Return fast 404's in multi-region cluster
Affects | Status | Importance | Assigned to | Milestone | |
---|---|---|---|---|---|
OpenStack Object Storage (swift) |
Won't Fix
|
Undecided
|
Unassigned |
Bug Description
In a multi-region cluster when getting a 404 it will go over the wire to check all remote disks and secondary locations before returning to the client. Ideally, when read affinity is enabled it would be good to have an additional setting to only check local region instead of all regions for existence of an object to return very fast on failure. In a multi-region replication scenario having such a setting would eliminate a great deal of over the wire latency to the remote regions when performing the lookup.
As Swift clusters continue to extend across multiple regions with object replicas in those regions , customers are expecting the same response times for their applications. Allowing the ability to fail fast would reduce this additional multi-region overhead for 404's.
description: | updated |
description: | updated |
description: | updated |
What if the only local copy is unavailable? Surely there is a use-case where after a 201 we should not return 404 just because we can't find it on the local primary and couple local handoffs?
I guess immediately following a PUT there'd be a good chance to find it on the local handoffs if you have write affinity enabled. But most of the time it's stupid to check a handoff until you've checked all the primaries!
Why does the application want Swift to be so quick to tell them it doesn't have something? Isn't the risk of not returning data that we have that the client asked for worth a little bit of latency - what are the states goals - just "faster?" I think we could accomplish making 404's faster without even *talking* to the object servers :P
I'm worried this might be an anti-feature. Here's a thing you *could* turn on but don't do it because in practice under failure it leads to clients observing horrible behaviors.
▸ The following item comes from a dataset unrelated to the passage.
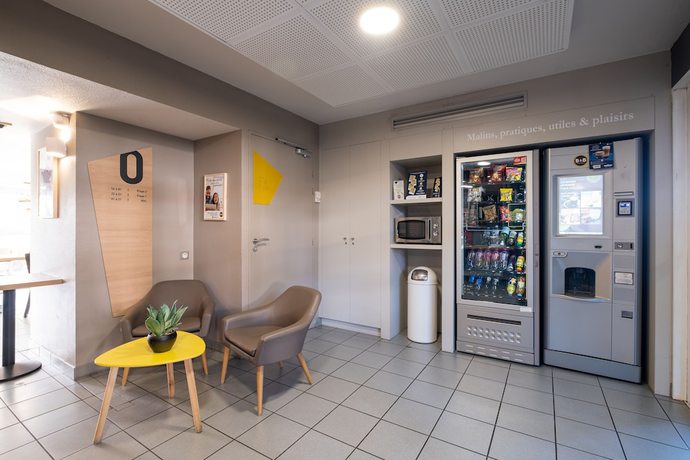 Imagen de los interiores del Hotel B&B Lille Seclin Unexpo. Foto 19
*Maybe* next to read affinity you could add a setting something like "I have 4 replicas globally, check 2 primaries, then the local handoff that would have been used in the affinity write case and then finally *one* of the two other primaries in the remote, but that's it" - still seems scary, with enough local primaries it's probably workable, and from the a network traversal situation it might still be a little better than the default 2 * replicas checks.
-Clay